▸ **Assignment**:
Please output the lines shown below exactly as they appear.

Data extracted from a collection
--------

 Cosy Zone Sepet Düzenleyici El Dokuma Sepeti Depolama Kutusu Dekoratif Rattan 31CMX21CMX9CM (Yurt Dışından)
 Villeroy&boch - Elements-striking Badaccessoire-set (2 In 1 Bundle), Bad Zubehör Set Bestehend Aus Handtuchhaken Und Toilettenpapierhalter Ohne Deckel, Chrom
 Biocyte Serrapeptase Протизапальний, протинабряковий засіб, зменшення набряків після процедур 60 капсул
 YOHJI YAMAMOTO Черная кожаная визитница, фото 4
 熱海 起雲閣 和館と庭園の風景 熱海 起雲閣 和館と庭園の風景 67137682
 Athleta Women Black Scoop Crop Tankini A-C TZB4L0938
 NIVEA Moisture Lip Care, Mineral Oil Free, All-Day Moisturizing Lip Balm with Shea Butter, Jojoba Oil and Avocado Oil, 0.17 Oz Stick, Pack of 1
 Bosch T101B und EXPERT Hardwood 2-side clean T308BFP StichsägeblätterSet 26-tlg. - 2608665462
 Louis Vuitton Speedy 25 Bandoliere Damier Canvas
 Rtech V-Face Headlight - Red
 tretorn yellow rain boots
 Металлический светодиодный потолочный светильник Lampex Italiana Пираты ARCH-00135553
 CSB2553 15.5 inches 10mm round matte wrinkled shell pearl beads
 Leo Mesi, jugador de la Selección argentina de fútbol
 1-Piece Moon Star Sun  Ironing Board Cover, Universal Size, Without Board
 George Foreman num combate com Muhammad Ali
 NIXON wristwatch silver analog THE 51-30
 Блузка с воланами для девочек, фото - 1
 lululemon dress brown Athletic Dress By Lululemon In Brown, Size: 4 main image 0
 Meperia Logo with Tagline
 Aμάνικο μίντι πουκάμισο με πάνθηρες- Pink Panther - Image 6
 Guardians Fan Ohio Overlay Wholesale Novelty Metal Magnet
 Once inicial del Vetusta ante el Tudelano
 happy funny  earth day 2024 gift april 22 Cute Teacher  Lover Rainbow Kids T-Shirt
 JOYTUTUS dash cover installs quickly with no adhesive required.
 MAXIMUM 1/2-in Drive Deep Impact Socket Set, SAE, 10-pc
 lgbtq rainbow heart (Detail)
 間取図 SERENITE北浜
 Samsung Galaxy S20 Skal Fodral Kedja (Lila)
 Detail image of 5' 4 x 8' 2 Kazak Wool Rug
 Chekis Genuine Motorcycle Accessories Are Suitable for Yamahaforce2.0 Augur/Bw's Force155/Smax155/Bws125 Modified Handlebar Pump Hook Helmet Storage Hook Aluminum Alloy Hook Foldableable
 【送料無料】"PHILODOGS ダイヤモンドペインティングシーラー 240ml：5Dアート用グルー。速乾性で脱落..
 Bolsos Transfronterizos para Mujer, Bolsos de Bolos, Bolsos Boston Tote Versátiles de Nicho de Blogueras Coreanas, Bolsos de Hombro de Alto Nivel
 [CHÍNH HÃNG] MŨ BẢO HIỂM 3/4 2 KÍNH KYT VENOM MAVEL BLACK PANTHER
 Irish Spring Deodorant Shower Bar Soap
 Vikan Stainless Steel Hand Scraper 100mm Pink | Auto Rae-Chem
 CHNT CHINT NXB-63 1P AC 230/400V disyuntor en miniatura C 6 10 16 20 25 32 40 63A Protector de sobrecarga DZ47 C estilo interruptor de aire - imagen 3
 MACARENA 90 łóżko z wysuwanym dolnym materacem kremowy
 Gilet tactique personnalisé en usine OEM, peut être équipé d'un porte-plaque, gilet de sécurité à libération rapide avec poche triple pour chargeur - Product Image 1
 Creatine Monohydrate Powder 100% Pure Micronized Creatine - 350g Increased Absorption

--------

▸ **Response below**:
 Cosy Zone Sepet Düzenleyici El Dokuma Sepeti Depolama Kutusu Dekoratif Rattan 31CMX21CMX9CM (Yurt Dışından)
 Villeroy&boch - Elements-striking Badaccessoire-set (2 In 1 Bundle), Bad Zubehör Set Bestehend Aus Handtuchhaken Und Toilettenpapierhalter Ohne Deckel, Chrom
 Biocyte Serrapeptase Протизапальний, протинабряковий засіб, зменшення набряків після процедур 60 капсул
 YOHJI YAMAMOTO Черная кожаная визитница, фото 4
 熱海 起雲閣 和館と庭園の風景 熱海 起雲閣 和館と庭園の風景 67137682
 Athleta Women Black Scoop Crop Tankini A-C TZB4L0938
 NIVEA Moisture Lip Care, Mineral Oil Free, All-Day Moisturizing Lip Balm with Shea Butter, Jojoba Oil and Avocado Oil, 0.17 Oz Stick, Pack of 1
 Bosch T101B und EXPERT Hardwood 2-side clean T308BFP StichsägeblätterSet 26-tlg. - 2608665462
 Louis Vuitton Speedy 25 Bandoliere Damier Canvas
 Rtech V-Face Headlight - Red
 tretorn yellow rain boots
 Металлический светодиодный потолочный светильник Lampex Italiana Пираты ARCH-00135553
 CSB2553 15.5 inches 10mm round matte wrinkled shell pearl beads
 Leo Mesi, jugador de la Selección argentina de fútbol
 1-Piece Moon Star Sun  Ironing Board Cover, Universal Size, Without Board
 George Foreman num combate com Muhammad Ali
 NIXON wristwatch silver analog THE 51-30
 Блузка с воланами для девочек, фото - 1
 lululemon dress brown Athletic Dress By Lululemon In Brown, Size: 4 main image 0
 Meperia Logo with Tagline
 Aμάνικο μίντι πουκάμισο με πάνθηρες- Pink Panther - Image 6
 Guardians Fan Ohio Overlay Wholesale Novelty Metal Magnet
 Once inicial del Vetusta ante el Tudelano
 happy funny  earth day 2024 gift april 22 Cute Teacher  Lover Rainbow Kids T-Shirt
 JOYTUTUS dash cover installs quickly with no adhesive required.
 MAXIMUM 1/2-in Drive Deep Impact Socket Set, SAE, 10-pc
 lgbtq rainbow heart (Detail)
 間取図 SERENITE北浜
 Samsung Galaxy S20 Skal Fodral Kedja (Lila)
 Detail image of 5' 4 x 8' 2 Kazak Wool Rug
 Chekis Genuine Motorcycle Accessories Are Suitable for Yamahaforce2.0 Augur/Bw's Force155/Smax155/Bws125 Modified Handlebar Pump Hook Helmet Storage Hook Aluminum Alloy Hook Foldableable
 【送料無料】"PHILODOGS ダイヤモンドペインティングシーラー 240ml：5Dアート用グルー。速乾性で脱落..
 Bolsos Transfronterizos para Mujer, Bolsos de Bolos, Bolsos Boston Tote Versátiles de Nicho de Blogueras Coreanas, Bolsos de Hombro de Alto Nivel
 [CHÍNH HÃNG] MŨ BẢO HIỂM 3/4 2 KÍNH KYT VENOM MAVEL BLACK PANTHER
 Irish Spring Deodorant Shower Bar Soap
 Vikan Stainless Steel Hand Scraper 100mm Pink | Auto Rae-Chem
 CHNT CHINT NXB-63 1P AC 230/400V disyuntor en miniatura C 6 10 16 20 25 32 40 63A Protector de sobrecarga DZ47 C estilo interruptor de aire - imagen 3
 MACARENA 90 łóżko z wysuwanym dolnym materacem kremowy
 Gilet tactique personnalisé en usine OEM, peut être équipé d'un porte-plaque, gilet de sécurité à libération rapide avec poche triple pour chargeur - Product Image 1
 Creatine Monohydrate Powder 100% Pure Micronized Creatine - 350g Increased Absorption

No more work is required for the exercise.